Spotlight on tradition

Perry Meridian football team’s rich history has developed over the years into one of tradition and camaraderie.
“Since late 80’s, early 90’s we’d have this dinner the Thursday night before the Southport game.” Matthew Henninger, the head football coach at Perry, gave insight into the traditions and rituals of the school’s football team.
The team has many old customs, one of them being the Southport Steak Dinner held Thursday night the before rival game. Another is the pre-game rallying call. “We have a chant that we would say right before we took the field,” says Henninger, a tradition that he himself was apart of during his time as a football player for Perry back in 2000 as a sophomore before graduating in 2003.
When he returned to the team as a coach 3 years ago, he brought along a new tradition known as the Coaches’ Challenge. Held Thursdays before a game, the activity takes just a few minutes as two football coaches go head to head in an activity that Henninger decides.
“To be honest with you, it’s just whatever I can dream up,” says Henninger.
The coaches compete in shows of strength such as burn out, a game where the two competitors throw the ball back and forth as the speed and strength increases until one of them drops it, Henninger usually abstaining from the matches himself as he allows the other coaches to get in on the action while he observes from the sidelines.
“The kids get to see the coaches competing against each other, it’s kind of a good time.”
When game day finally arrives however, the guys continue They always do the same practice routine, the players completing a series of what they call Falcon Jacks, which is when they form a circle as they do jumping jacks and spell out “falcons,” their speed increasing as they go. Once they go around three times, the guys “yell ‘falcons’ three times and let out a huge yell, rush to the center of the circle and break it down,” says junior William Smith, defensive tight ends.

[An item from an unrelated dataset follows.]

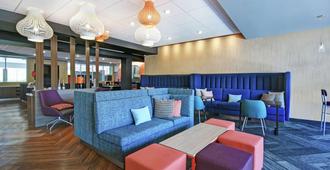Tru by Hilton Grand Rapids Airport - Grand Rapids - Lounge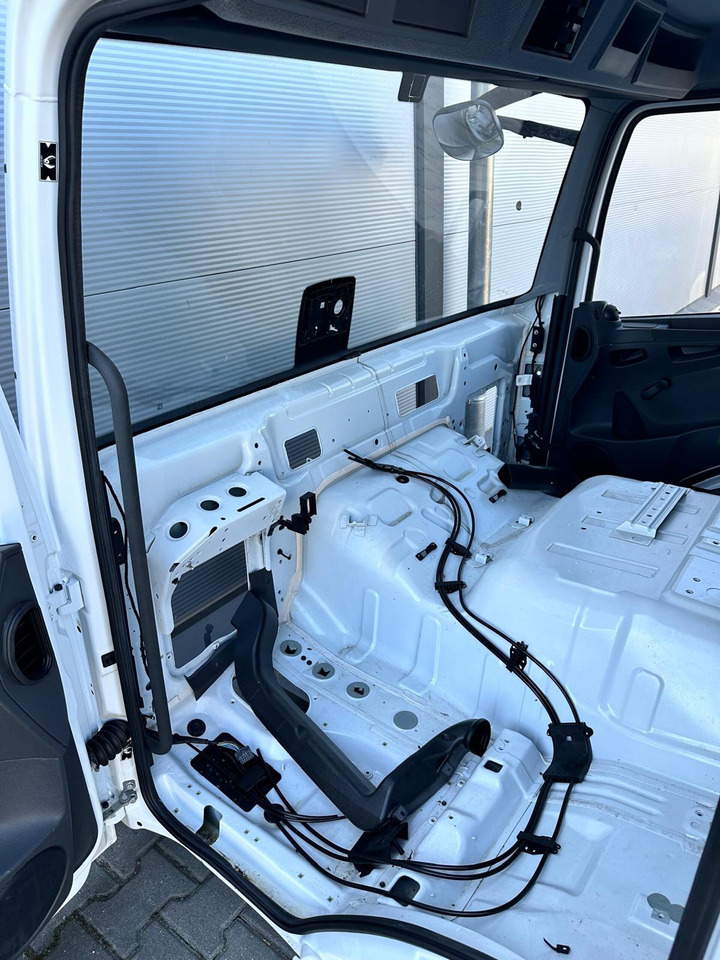 MB ATEGO CABINE EURO 6 TUNEL VOOR 6 CYL.MOTOR ALLEEN FRAME 000074B - Cabine pour Camion: photos 3 MB ATEGO CABINE EURO 6 TUNEL VOOR 6 CYL.MOTOR ALLEEN FRAME 000074B - Cabine pour Camion: photos 3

With the new stadium came new traditions, such as not stepping on the field until game time. The team also invites alumni down to attend the games when they are available.
According to psychology experts, superstitions are more common than one would think in sports. Perry’s team is no different. The team does not wear red on game days, and Sam Jones believes that if he does not have a fan in front of his face while he is in the athletic training room he will not play well.
One tradition all of Perry can get in on is Spirit Wear Fridays, getting the chance to support the team and add to the build up and the energy for the players as the game draws closer.
“It’s the crowd, it’s the school, it’s the spirit,” says Dekahri Jones, a senior on the team who plays running back and safety.